• Task brief
For the entries that follow, produce an exact copy with no pictures in it.

• Entries shown
Start of Block

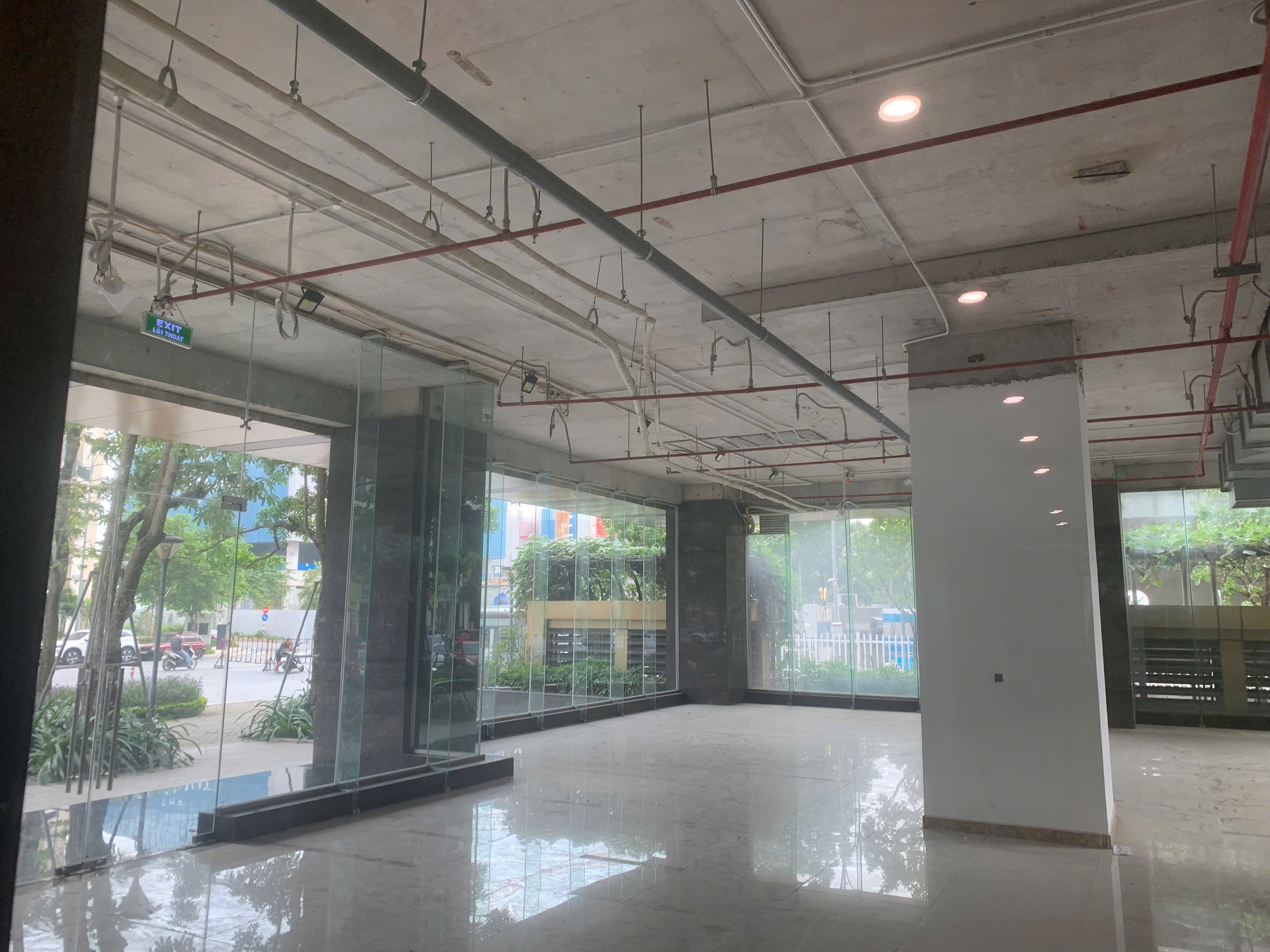 CHO THUÊ 243m2 TẦNG 1 – TÒA 6TH ELEMENT, TÂY HỒ TÂY - PHÙ HỢP VỚI NGÂN HÀNG, SHOWROOM 2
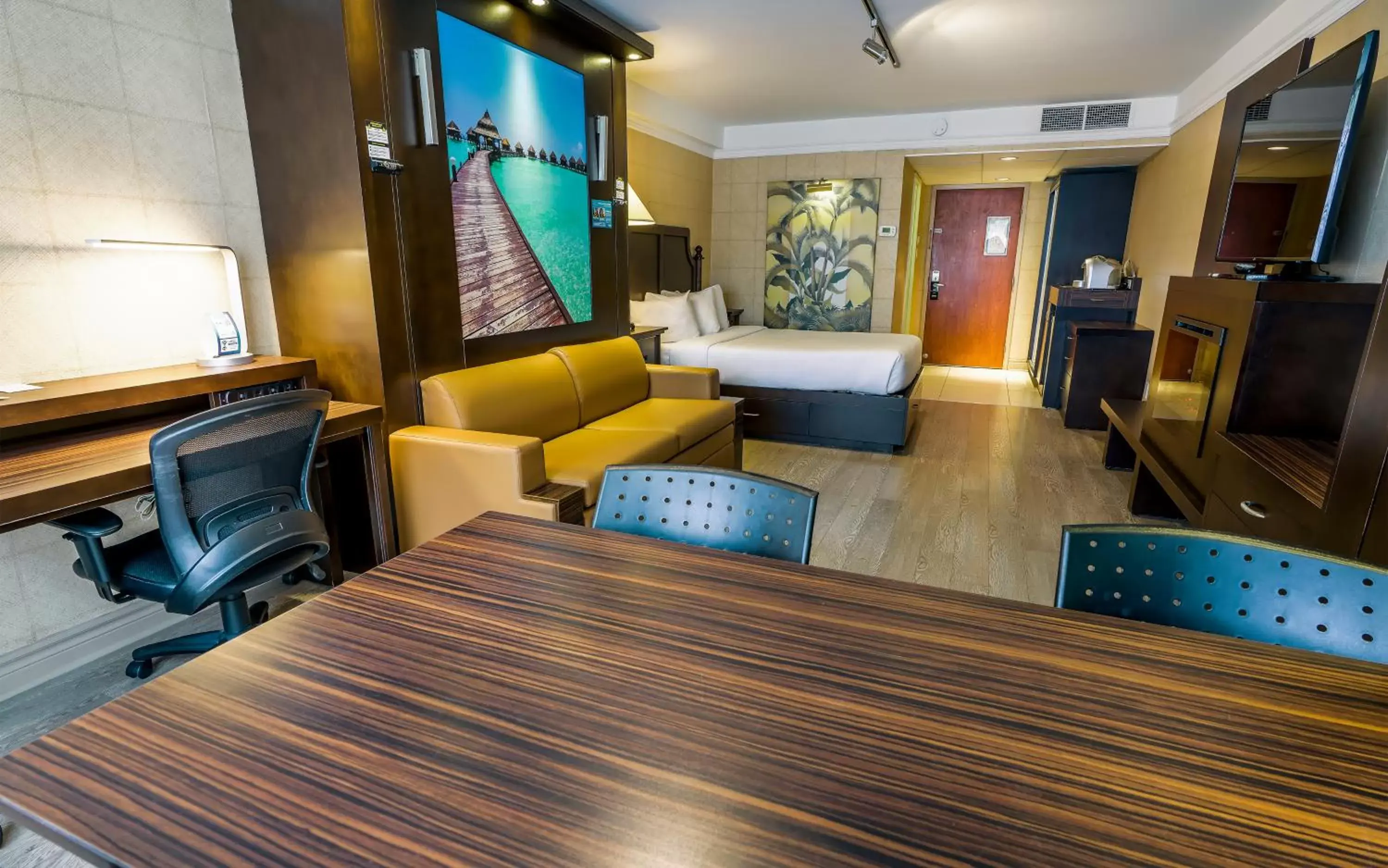 Bed in L'Hôtel Québec par JARO Bed in L'Hôtel Québec par JARO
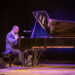 Raphael Gualazzi in concerto martedì 30 dicembre alle 20.30 al Teatro Massimo di Cagliari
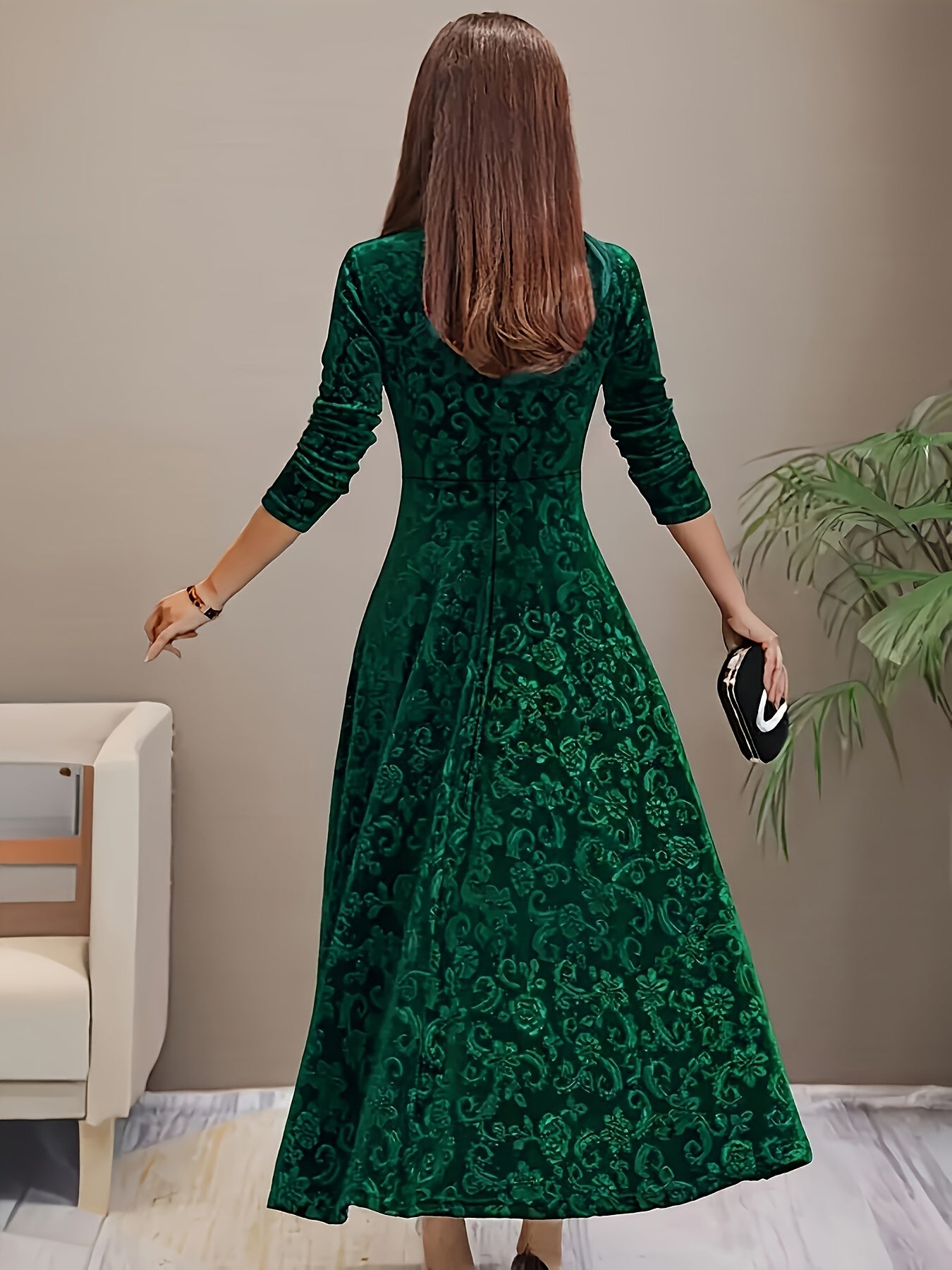 Robe longue en velours à motif floral et manches longues, encolure carrée, idéale pour le Nouvel An. Design élégant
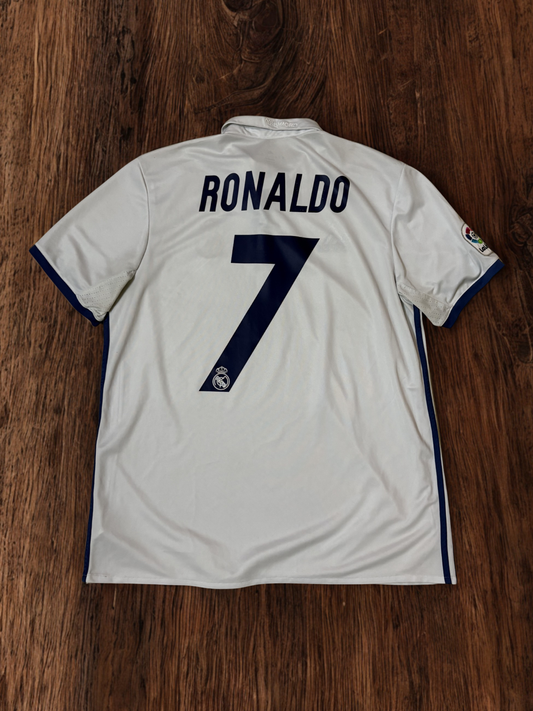 Ronaldo x Real Madrid 2016-17 Home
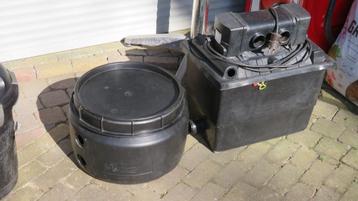2 Vijver (druk)filters met toebehoren. beschikbaar voor biedingen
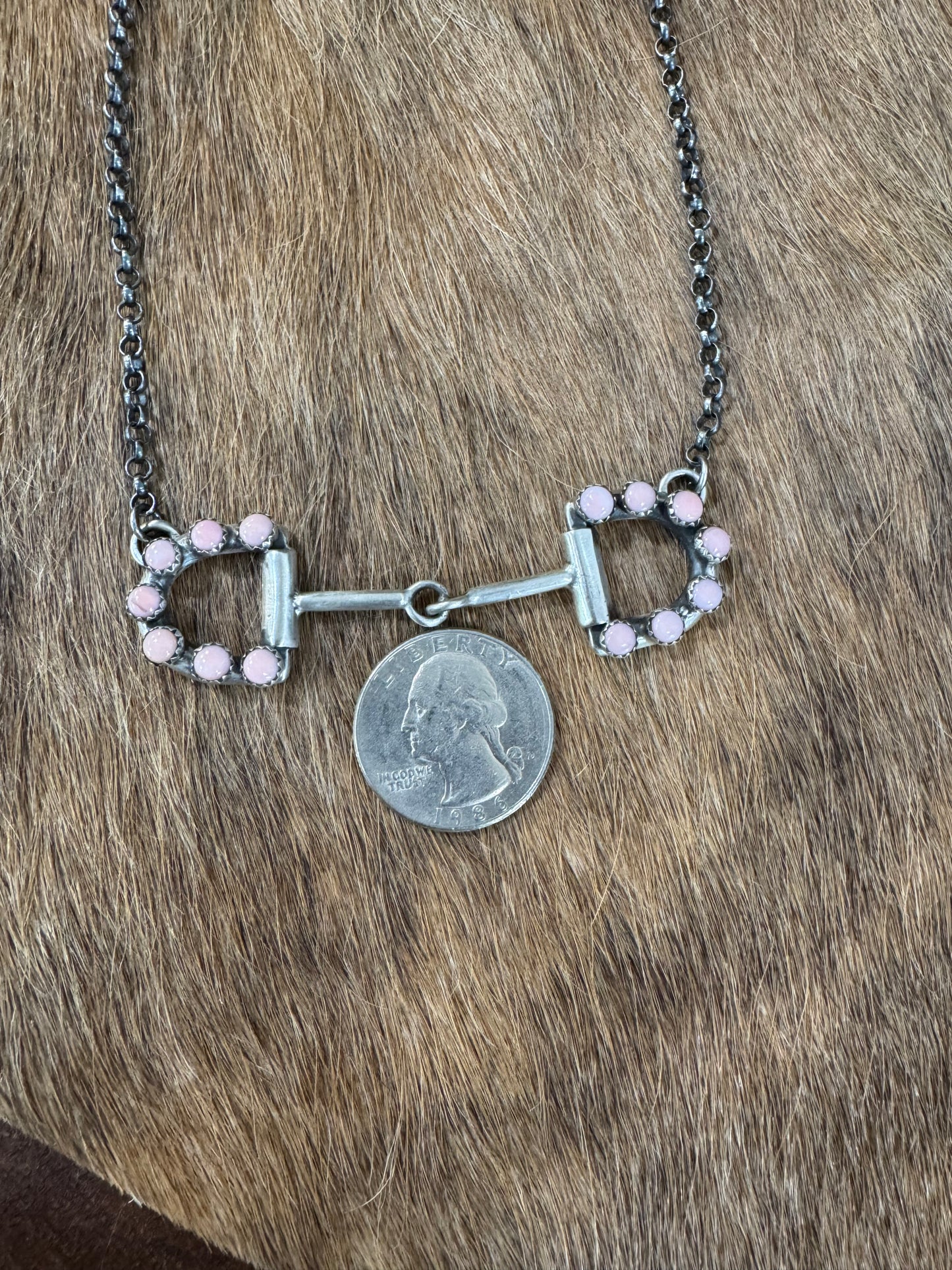 GUIDED GENTLY NECKLACE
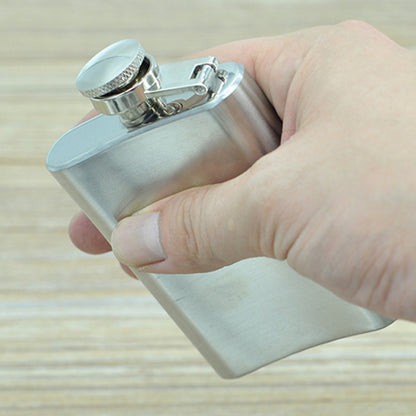100ml (3.5oz) Pocket Flagon กีฬากลางแจ้งขวดเหล้าแบน Camping Ultralight แบบพกพา Wearproof หม้อไวน์ (สีเงิน), 100ml(3.5oz)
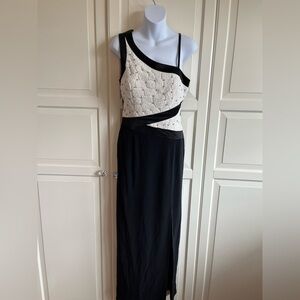 JOVANI Beaded Dress size  6 One Shoulder Formal Gown Maxi
Black White Glam.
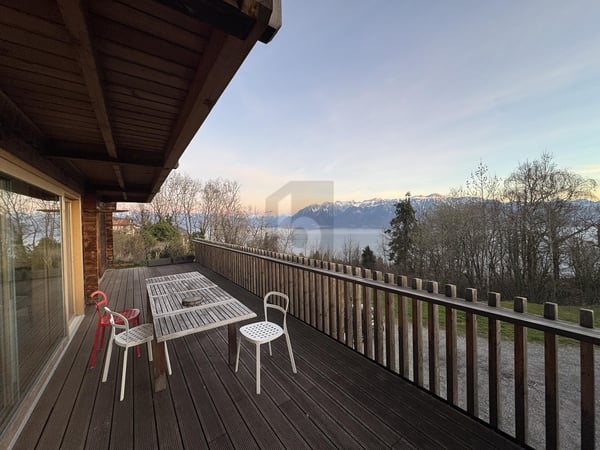 RÉNOVÉ, SUPERBE VUE SUR LAC AU COEUR DU LAVAUX 3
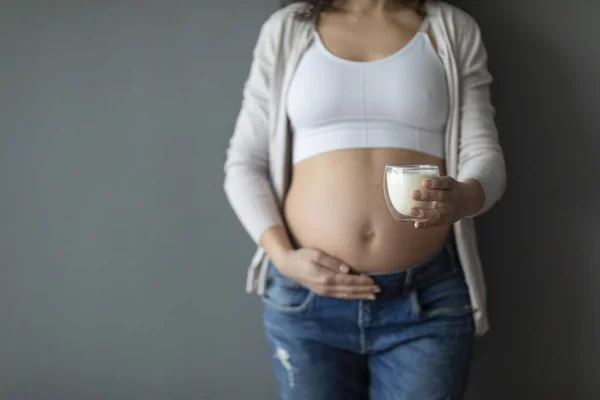 Hamilelik Besinleri Genç Hamile Kadın Elinde Bir Bardak Süt Tanınmayan — Stok fotoğraf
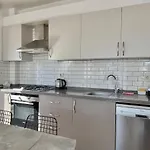 Deniz Manzarali, Plaja 100 Metre, Luks 2 * Marmaris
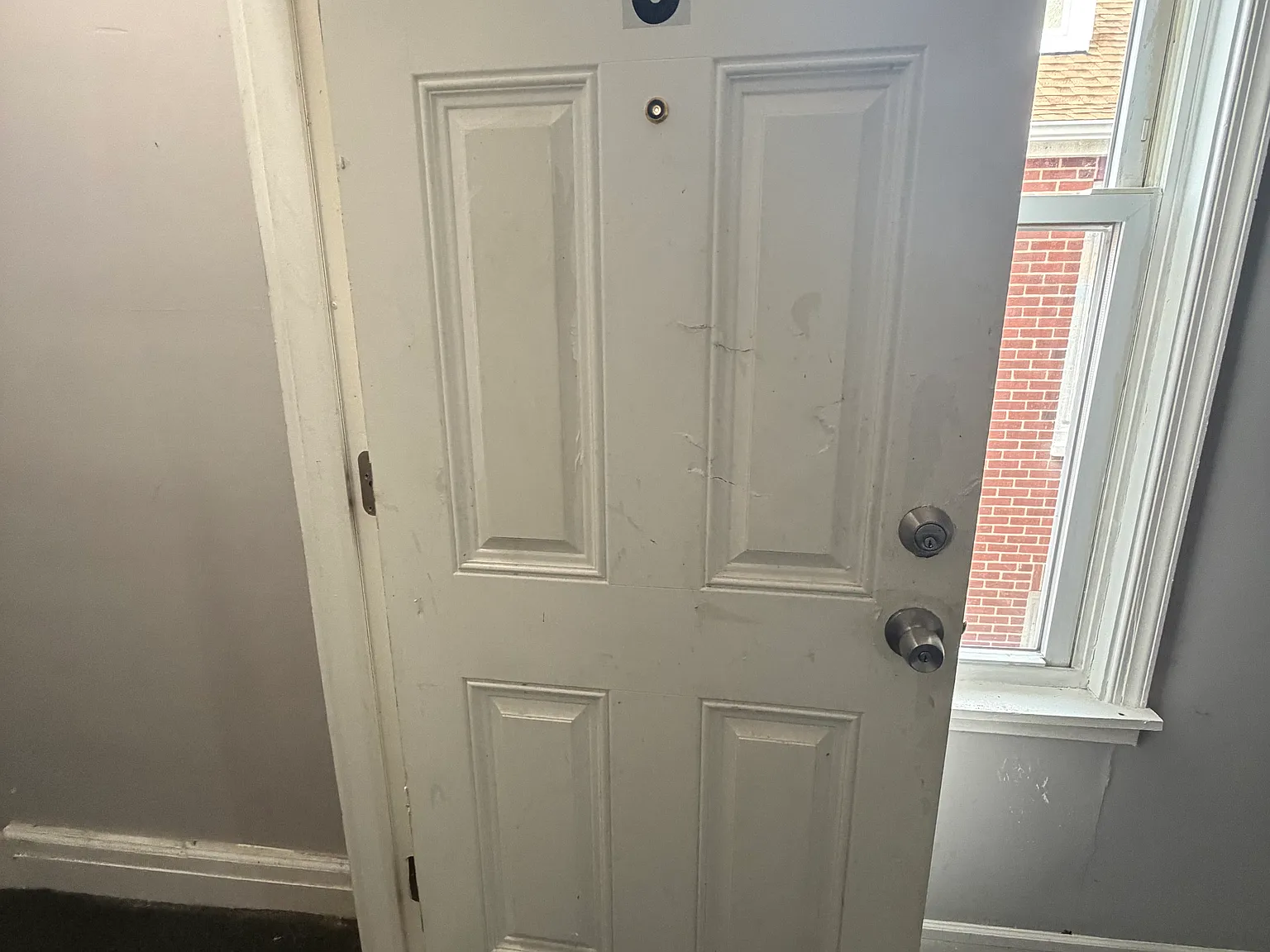 3 bed, 1200 sqft, $1,800 — Photo 1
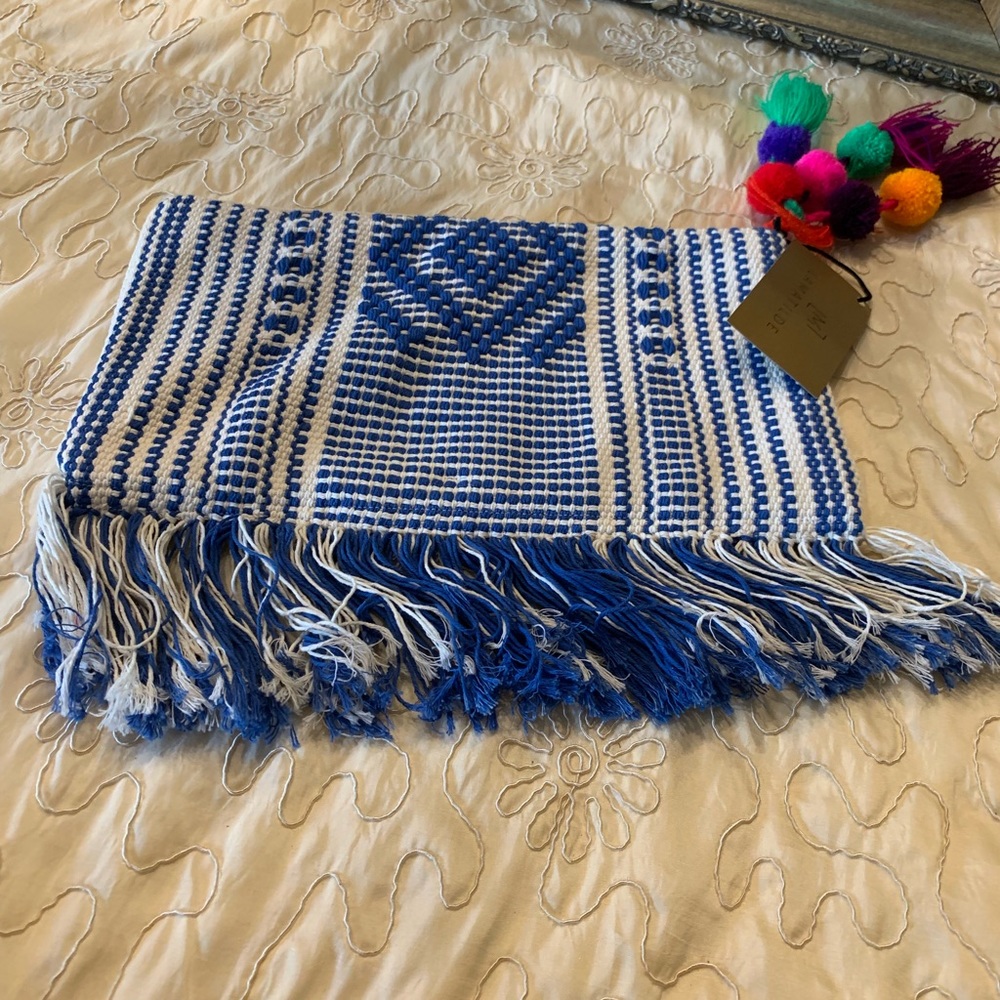 Lamatilde fabric clutch✨✨Host Pick - Picture 7 of 8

End of Block

• Response box
 CHO THUÊ 243m2 TẦNG 1 – TÒA 6TH ELEMENT, TÂY HỒ TÂY - PHÙ HỢP VỚI NGÂN HÀNG, SHOWROOM 2
 Bed in L'Hôtel Québec par JARO Bed in L'Hôtel Québec par JARO
 Raphael Gualazzi in concerto martedì 30 dicembre alle 20.30 al Teatro Massimo di Cagliari
 Robe longue en velours à motif floral et manches longues, encolure carrée, idéale pour le Nouvel An. Design élégant
 Ronaldo x Real Madrid 2016-17 Home
2 Vijver (druk)filters met toebehoren. beschikbaar voor biedingen
 GUIDED GENTLY NECKLACE
100ml (3.5oz) Pocket Flagon กีฬากลางแจ้งขวดเหล้าแบน Camping Ultralight แบบพกพา Wearproof หม้อไวน์ (สีเงิน), 100ml(3.5oz)
 JOVANI Beaded Dress size  6 One Shoulder Formal Gown Maxi
Black White Glam.
 RÉNOVÉ, SUPERBE VUE SUR LAC AU COEUR DU LAVAUX 3
 Hamilelik Besinleri Genç Hamile Kadın Elinde Bir Bardak Süt Tanınmayan — Stok fotoğraf
 Deniz Manzarali, Plaja 100 Metre, Luks 2 * Marmaris
 3 bed, 1200 sqft, $1,800 — Photo 1
 Lamatilde fabric clutch✨✨Host Pick - Picture 7 of 8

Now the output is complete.